I'm trying to understand the intuition behind Bessel's correction where
$\sum (x_i - \overline{x})^2 / (n-1)$.
My difficulty is stemming from the fact that the sample mean leads to a standard deviation that, when comparing it to hypothetical population means, is ALWAYS smaller.
Why is it that the mean of a sample results in producing a standard deviation that will never be lower by using another mean?

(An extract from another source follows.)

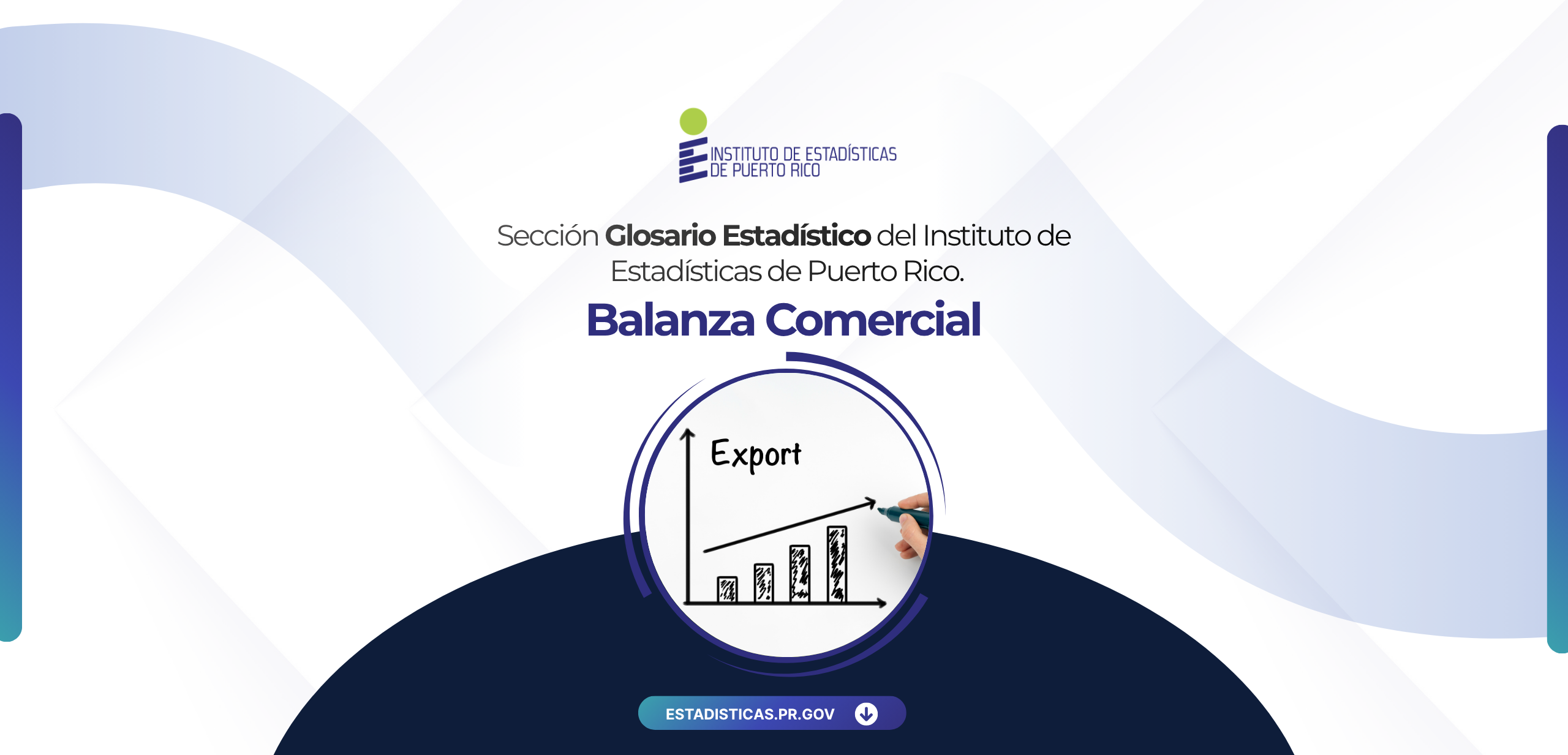 Imagen Representativa de Blog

I think, the most clear argument in favour of making such a correction is that: $\frac{\sum\limits_{i=1}^n (x_{i} - \bar x)^2}{\sigma^2} \sim \chi^{2}_{n-1}$ (Fisher's Lemma). So, $\mathbb{E} \sum\limits_{i=1}^n (x_{i} - \bar x)^2 = \sigma^2 \cdot (n - 1) \Rightarrow \ $ the unbiased estimate of $\sigma^2$ would be $\frac{\sum\limits_{i=1}^n (x_{i} - \bar x)^2}{n - 1}$
If I understand you correctly, you're asking
Why does using $\bar x$ in $\sum(x_i-\bar x)^2/(n-1)$ give a smaller result than using any other value?
You can find the answer by looking at the quadratic function $$ f(z)=\sum_{i=1}^n\frac{(x_i-z)^2}{n-1} $$ If we dfferentiate it (with respect to $z$), we see that the derivative, which is a linear function in $z$ and thus only has one root, has a root at $z=\bar x$. Which means that $f(z)$ has its minimum there.
The use of $n-1$ instead of $n$ fixes the bias in estimation of the population variance.
Indeed: $$\sigma^2=\frac{\sum(X-\mu)^2}{N};s^2=\frac{\sum(X-\bar{X})^2}{n-1}\\ \mathbb E(s^2)=\mathbb E\left(\frac{\sum (X-\bar{X})^2}{n-1}\right)=\frac{1}{n-1}\mathbb E(\sum X^2-n\bar{X}^2)=\\ \frac1{n-1}\left[\sum \mathbb E(X^2)-n\mathbb E(\bar{X}^2)\right]=\\ \frac1{n-1}\left[n(\sigma^2+\mu^2)-n\left(\frac{\sigma^2}{n}+\mu^2\right)\right]=\frac{1}{n-1}\cdot [(n-1)\sigma^2]=\sigma^2,$$ where: $$Var(X)=\sigma^2=\mathbb E(X^2)-(\mathbb E(X))^2=\mathbb E(X^2)-\mu^2\Rightarrow \mathbb E(X^2)=\sigma^2+\mu^2\\ Var(\bar{X})=\mathbb E(\bar{X}^2)-(\mathbb E(\bar{X}))^2\Rightarrow \mathbb E(\bar{X}^2)=Var\left(\frac{\sum X}{n}\right)+\left(\mathbb E\left(\frac{\sum X}{n}\right)\right)^2= \frac{\sigma^2}{n}+\mu^2.$$